Why I was at least half-wrong in yesterday's post on The Car Thief

I'd say about half my post yesterday was wrong. Yes, Alex Hausman, the protag in Theodore Weesner's The Car Thief is a lonely and isolated hero - and I was correct yesterday in noting that it's unusual that he has no friends or even close acquaintances and that he is so socially awkward that he can't even have a simple conversation with a girl - his relationships w/ the three girls who have appeared in the novel thus far (nearly done) are nearly primitive and creepy - stalking them, blurting out to a girl he hardly knows that he loves her, for ex. I think I way overstated the case, however, regarding his lack of sensitivity. He actually is quite a "sensitive" character who feels for others, suffers because of his social exclusion, thinks plaintively about his younger brother now gone from his life, suffers shame and humiliation because of his family poverty and alcoholism, and is strangely driven toward self-destructive actions - notably car theft for no reason other than the thrill and perhaps to give a big f-you to society and to owners of vast [sic], expensive (American - this is Detroit in the 1970s) cars. What I was trying to get at, though, is the paradox of his personality - to others he looks like a cool, detached, maybe a little scary social outcast, a tough, a hood - but with our access to his consciousness - the greatest thing that novels afford us - we can see his complex and distraught personality, we know him in a way that only he knows himself. Some of the jacket copy compares Alex, superficially, with Holden Caulfield, but in fact they have little in common others than late-teen sensitivity.
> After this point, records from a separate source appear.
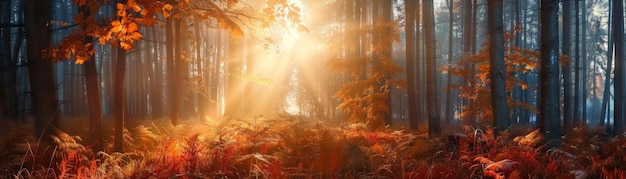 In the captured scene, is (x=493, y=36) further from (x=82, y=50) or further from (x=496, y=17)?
(x=82, y=50)

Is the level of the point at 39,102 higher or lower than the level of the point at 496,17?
lower

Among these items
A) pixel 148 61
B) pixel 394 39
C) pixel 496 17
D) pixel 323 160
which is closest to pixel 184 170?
pixel 323 160

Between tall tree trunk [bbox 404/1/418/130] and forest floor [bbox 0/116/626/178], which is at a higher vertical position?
tall tree trunk [bbox 404/1/418/130]

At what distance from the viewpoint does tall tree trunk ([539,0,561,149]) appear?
22.7ft

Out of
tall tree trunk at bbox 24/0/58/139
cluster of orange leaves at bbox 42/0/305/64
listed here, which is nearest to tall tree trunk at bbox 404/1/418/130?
cluster of orange leaves at bbox 42/0/305/64

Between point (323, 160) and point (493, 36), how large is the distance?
16.0 feet

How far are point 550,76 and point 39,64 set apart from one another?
391 inches

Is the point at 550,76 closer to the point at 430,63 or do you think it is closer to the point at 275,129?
the point at 430,63

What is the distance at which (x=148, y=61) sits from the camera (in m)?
26.4

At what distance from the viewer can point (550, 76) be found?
699 cm

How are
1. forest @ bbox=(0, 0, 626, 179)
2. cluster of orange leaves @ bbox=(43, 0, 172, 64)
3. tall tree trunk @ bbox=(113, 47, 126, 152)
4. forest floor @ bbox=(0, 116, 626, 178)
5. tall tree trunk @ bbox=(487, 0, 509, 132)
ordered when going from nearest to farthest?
1. cluster of orange leaves @ bbox=(43, 0, 172, 64)
2. forest floor @ bbox=(0, 116, 626, 178)
3. forest @ bbox=(0, 0, 626, 179)
4. tall tree trunk @ bbox=(113, 47, 126, 152)
5. tall tree trunk @ bbox=(487, 0, 509, 132)

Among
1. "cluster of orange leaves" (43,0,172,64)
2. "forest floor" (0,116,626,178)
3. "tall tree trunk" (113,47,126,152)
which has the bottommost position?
"forest floor" (0,116,626,178)

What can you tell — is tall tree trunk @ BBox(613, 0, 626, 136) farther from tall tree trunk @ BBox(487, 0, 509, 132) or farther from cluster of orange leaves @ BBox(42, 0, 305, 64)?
cluster of orange leaves @ BBox(42, 0, 305, 64)

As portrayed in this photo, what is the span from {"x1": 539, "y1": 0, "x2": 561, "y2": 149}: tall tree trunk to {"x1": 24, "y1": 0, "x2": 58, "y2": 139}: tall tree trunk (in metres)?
9.57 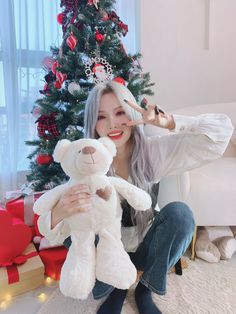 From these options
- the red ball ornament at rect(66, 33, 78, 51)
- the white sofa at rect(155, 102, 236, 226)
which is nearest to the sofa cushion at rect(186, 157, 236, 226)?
the white sofa at rect(155, 102, 236, 226)

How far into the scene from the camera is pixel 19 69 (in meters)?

HC is the narrator of his own tale, and there's no way you could imagine Alex telling this tale about himself - if he had the wherewithal to narrate his story and to unfold the complex and sometimes contradictory elements of his personality - he would be an entirely different person. He is not literary, not articulate, not outspoken - and therefore a somewhat rare literary character and a character who is virtually never a credible narrator. It's the author's task, and his brilliance, to make this character, atypical for literature though plentiful in reality (and maybe more typical in movies - in fact at two key moments Alex goes to an all-night cinema and watches Western heroes) come alive, at least to us.